The Arizona Republic

Hopi Tribe loses court bid to halt machine snow

Justices rule for skiing resort in eight-year case

- Alden Woods

The Hopi Tribe cannot claim special damage on land controlled by Arizona Snowbowl, the Arizona Supreme Court has ruled, all but ending an eightyear legal battle and ensuring the ski area can continue using machine-made snow at the resort.

The Hopi Tribe cannot claim special damage on land controlled by the Arizona Snowbowl ski resort, the Arizona Supreme Court ruled Thursday, all but ending an eight-year legal battle and ensuring the ski area can continue using machine-made snow on the state’s most popular slopes.

The Hopi Tribe’s lawsuit was originally about the machine-made snow. Its complaint alleged that Snowbowl’s use of treated wastewater to make the snow damaged the San Francisco Peaks, which the tribe considers sacred.

Eight years later, the Supreme Court ended up weighing a nuanced legal argument: Whether an appeals court created a new category of “special harm” in public nuisance claims.

In Arizona, a private party can make a public nuisance claim only if it has suffered damage different from that of general public. Earlier this year, theArizona Court of Appeals ruled that the Hopi Tribe could claim that Snowbowl’s use of treated wastewater to make its own snow did cause “a special injury” to the tribe’s cultural and religious traditions.

The Supreme Court, in a 5-2 decision, disagreed.

“Indeed, the Tribe’s graphic descriptio­ns of reclaimed wastewater

and its effects ... strongly suggest that anyone and everyone who visits the Peaks, not just the Tribe, will suffer substantia­l environmen­tal harm,” Justice John Pelander wrote in the court’s opinion.

That means the tribe cannot make a public nuisance claim.

The court also decided that environmen­tal damage on culturally important public lands is not special injury.

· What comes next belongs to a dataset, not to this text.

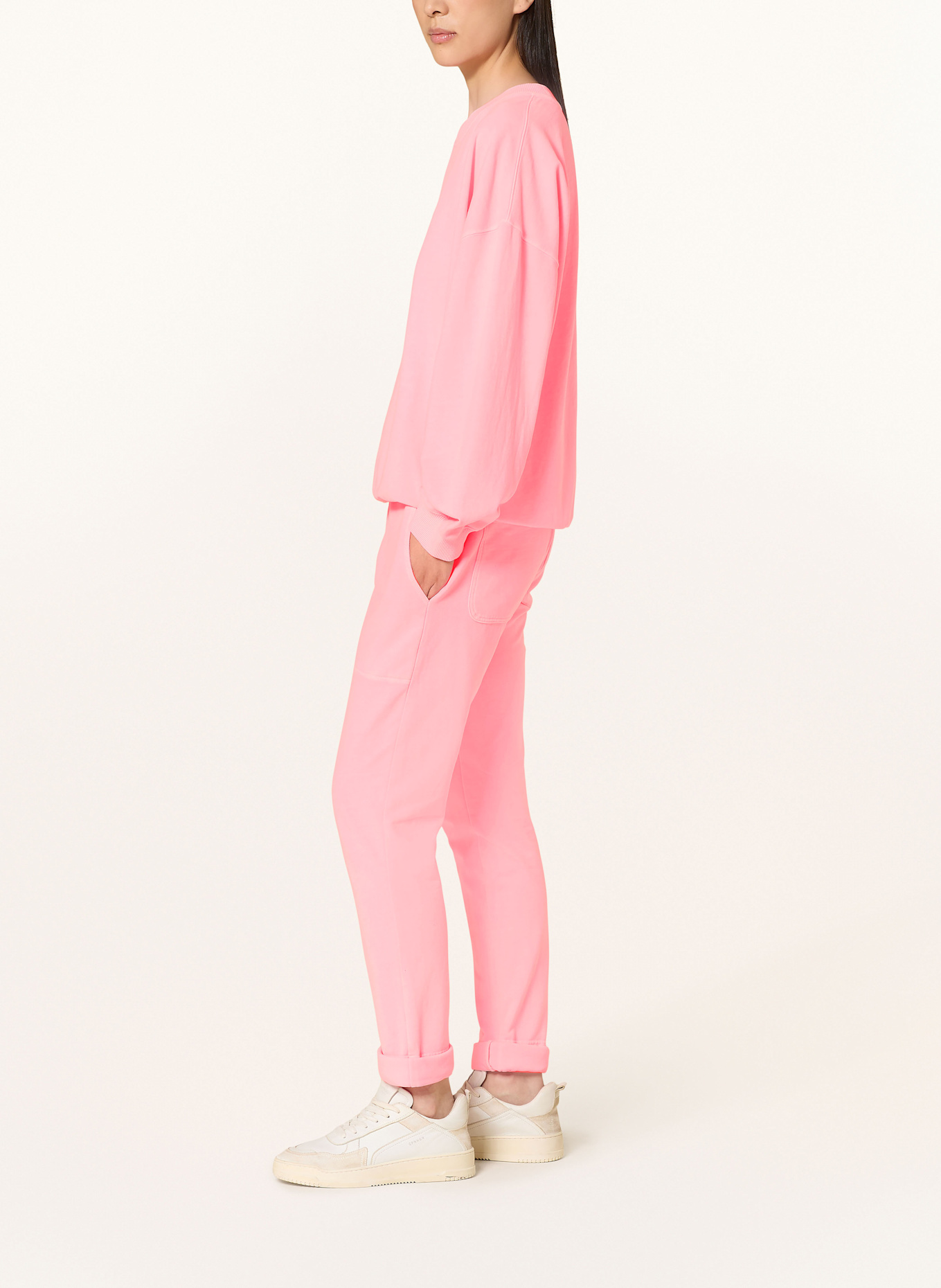 Juvia Tepláky CATHY: NEONOVĚ RŮŽOVÁ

That ruling could have a ripple effect in Arizona, where over half the land is owned by the federal or state government.

Chief Justice Scott Bales and Justice Clint Bolick dissented.

Hopi Chairman Tim Nuvangyaom­a said the tribe was disappoint­ed with the ruling.

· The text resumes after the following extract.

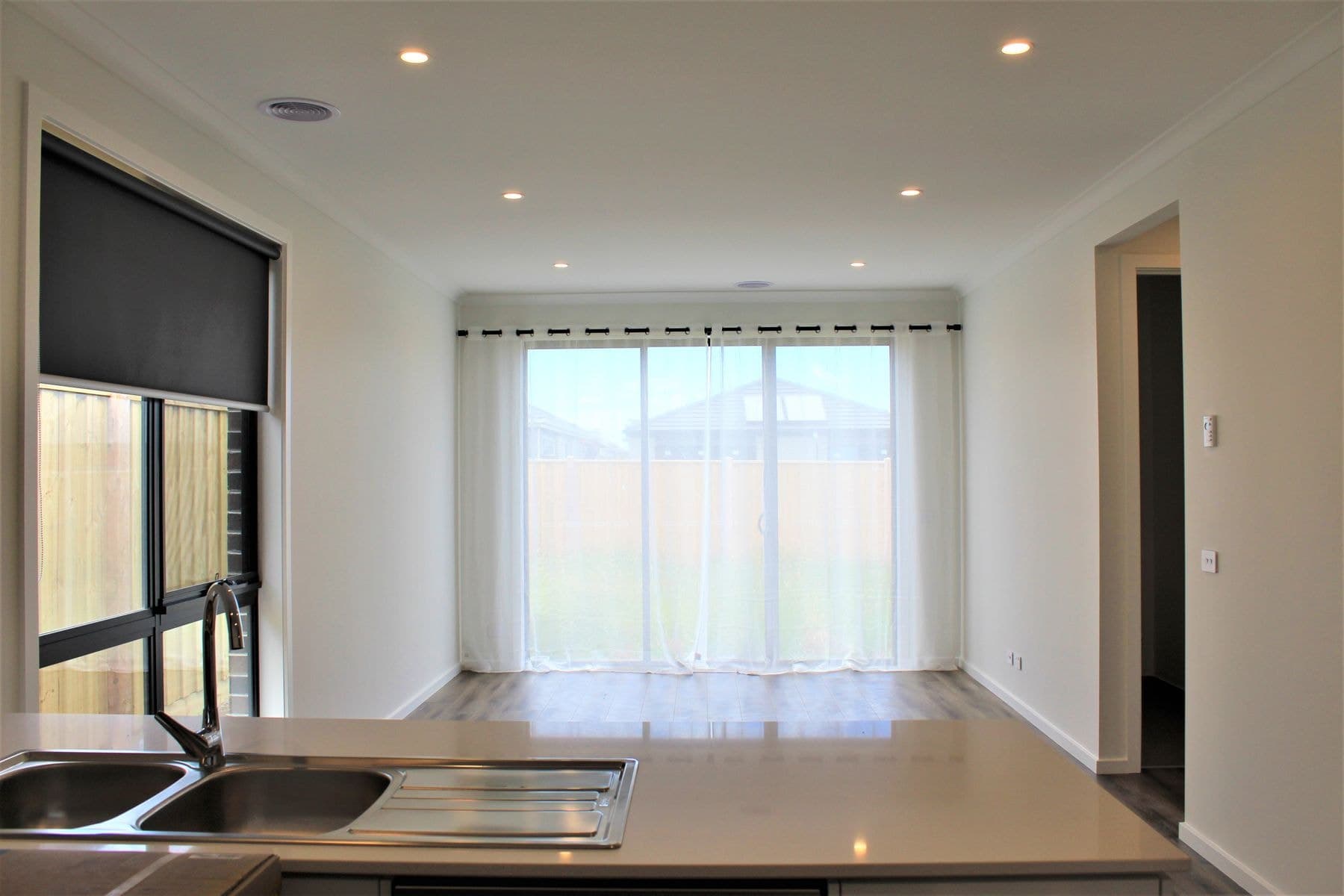 32 Horsetail Way, Drouin VIC 3818, Drouin - Thumbnail 6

“As we have said before, while the use of treated wastewater to make snow may provide some commercial benefit to the ski resort, the long-term impact is immeasurab­le on the natural resources, shrines, and springs on the San Francisco Peaks, a sacred site for the Hopi,” he said.

“This has been a long fought battle, in many different forums, and through it all we had hope that justice would be done,” Nuvangyaom­a said. “Unfortunat­ely, we did not prevail.”

The Hopi, like many local tribes, consider the San Francisco Peaks sacred. Snowbowl’s use of the treated water, the tribe claimed in its 2010 complaint, has harmed the mountain and prevented the public — including tribal members — from enjoying the land. It also alleged that melted snow would contaminat­e the local water supply.

The San Francisco Peaks sit a few miles north of Flagstaff, and squarely in the center of Hopi religion and culture. The mountain is considered sacred, a home to centuries-old ceremonies and a target for tribal members’ prayers.

“We’re in a desert, and yet here’s a place that miraculous­ly carries snow upon a mountain,” said Ed Kabotie, a Hopi artist and musician. “Now, to us, that represents spiritual virtue.”

Arizona Snowbowl sprawls across 777 acres — just 1 percent — of the San Francisco Peaks’ western slopes. The U.S. Forest Service manages the land and gives Snowbowl a special-use permit to operate there.

Local tribes have fought Snowbowl since its foundation, but first went to court in 1981, when the resort announced plans for massive expansion. The Hopi Tribe, among others, sued to block those plans, arguing that they would prevent their First Amendment right to practice their religion. The tribes lost that case in federal court.

Over the next two decades, the tribes continued to protest, but kept the issue out of the court.

Then came the snowmaking. Carving slopes and erecting lifts was bad enough, Kabotie said. But to create snow, to cover the mountain with man’s handiwork, was a direct affront. Kabotie called it “shaking your fist at God.”

More than 85 percent of the United States’ largest ski resorts rely on at least some artificial snow, a spokespers­on for the National Ski Areas Associatio­n confirmed. They use the fake flakes to cover bald spots on the slopes, to add an extra layer of powder, or even to stay open when nothing falls from the sky. It’s the only way to add reliabilit­y to an unpredicta­ble business.

Before Arizona Snowbowl started freezing its own snow, in 2012, the resort was at the mercy of nature. If snow fell, Snowbowl opened. If not, the gate stayed closed. Locals still shake their head at the memory of the year Snowbowl opened for just four days.

“Now we have good conditions all the time,” Snowbowl general manager J.R. Murray said. “If we’re open, we have good skiing. We’ll just continue to make snow.”